> **Material provided**:
[Start of Attachment]

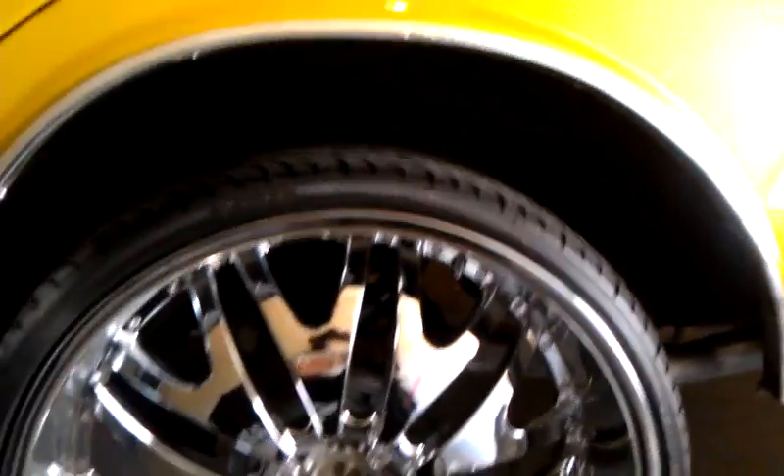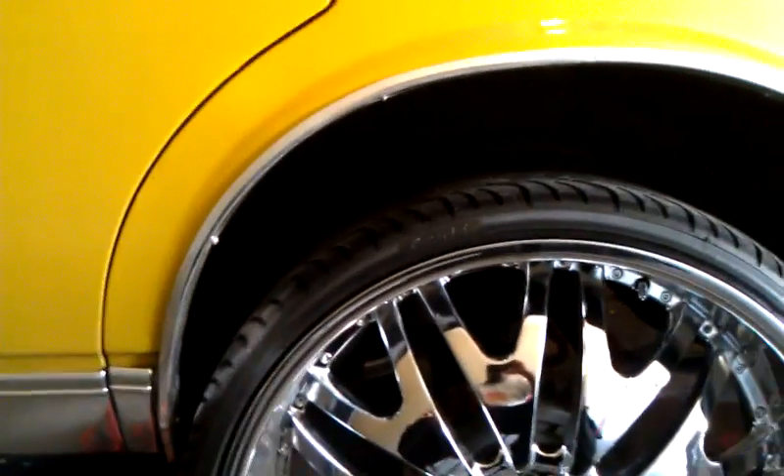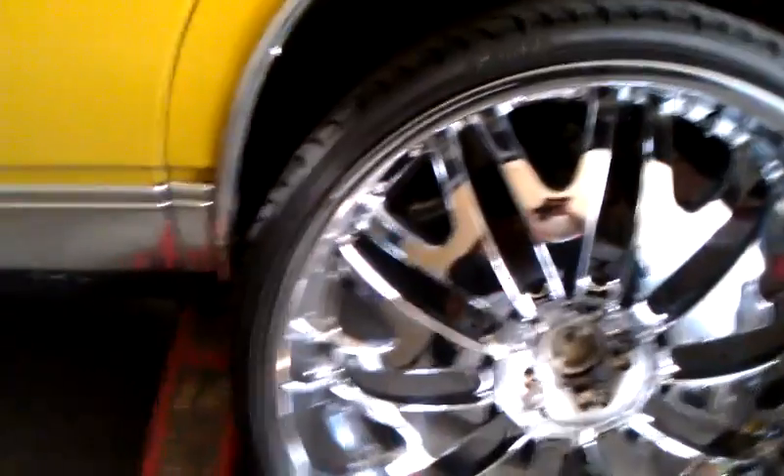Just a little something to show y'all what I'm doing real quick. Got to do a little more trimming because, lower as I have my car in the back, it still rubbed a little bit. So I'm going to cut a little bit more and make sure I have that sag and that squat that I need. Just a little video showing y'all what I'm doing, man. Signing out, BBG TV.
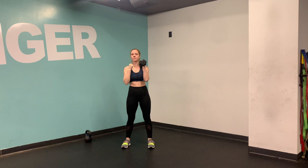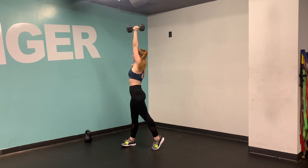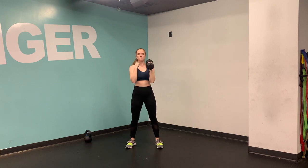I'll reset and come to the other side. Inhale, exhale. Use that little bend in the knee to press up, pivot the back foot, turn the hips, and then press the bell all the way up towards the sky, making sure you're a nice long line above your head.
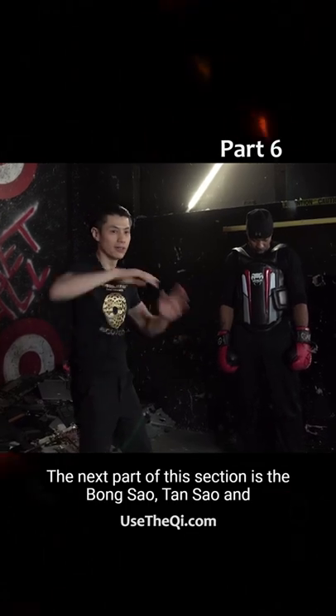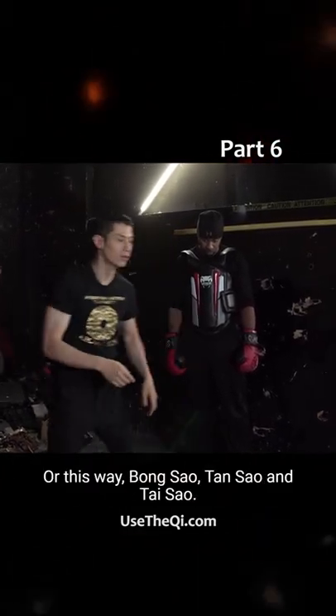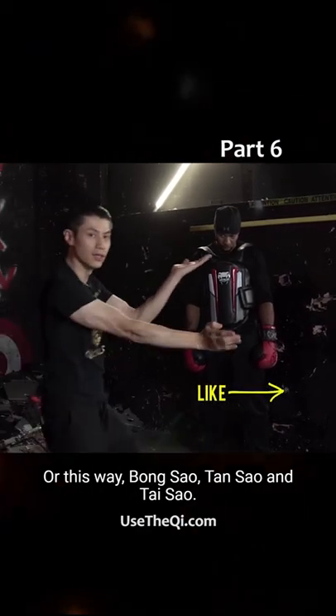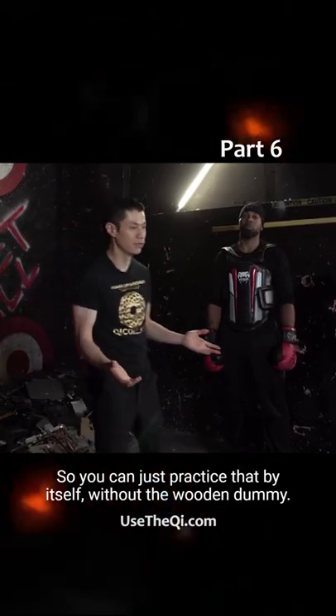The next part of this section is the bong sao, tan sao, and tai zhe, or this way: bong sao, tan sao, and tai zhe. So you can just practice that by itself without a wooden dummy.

[End of Attachment]

The output has to match the data above line for line, except that pictures are dropped.

> **Answer to the exercise**:
Just a little something to show y'all what I'm doing real quick. Got to do a little more trimming because, lower as I have my car in the back, it still rubbed a little bit. So I'm going to cut a little bit more and make sure I have that sag and that squat that I need. Just a little video showing y'all what I'm doing, man. Signing out, BBG TV.
I'll reset and come to the other side. Inhale, exhale. Use that little bend in the knee to press up, pivot the back foot, turn the hips, and then press the bell all the way up towards the sky, making sure you're a nice long line above your head.
The next part of this section is the bong sao, tan sao, and tai zhe, or this way: bong sao, tan sao, and tai zhe. So you can just practice that by itself without a wooden dummy.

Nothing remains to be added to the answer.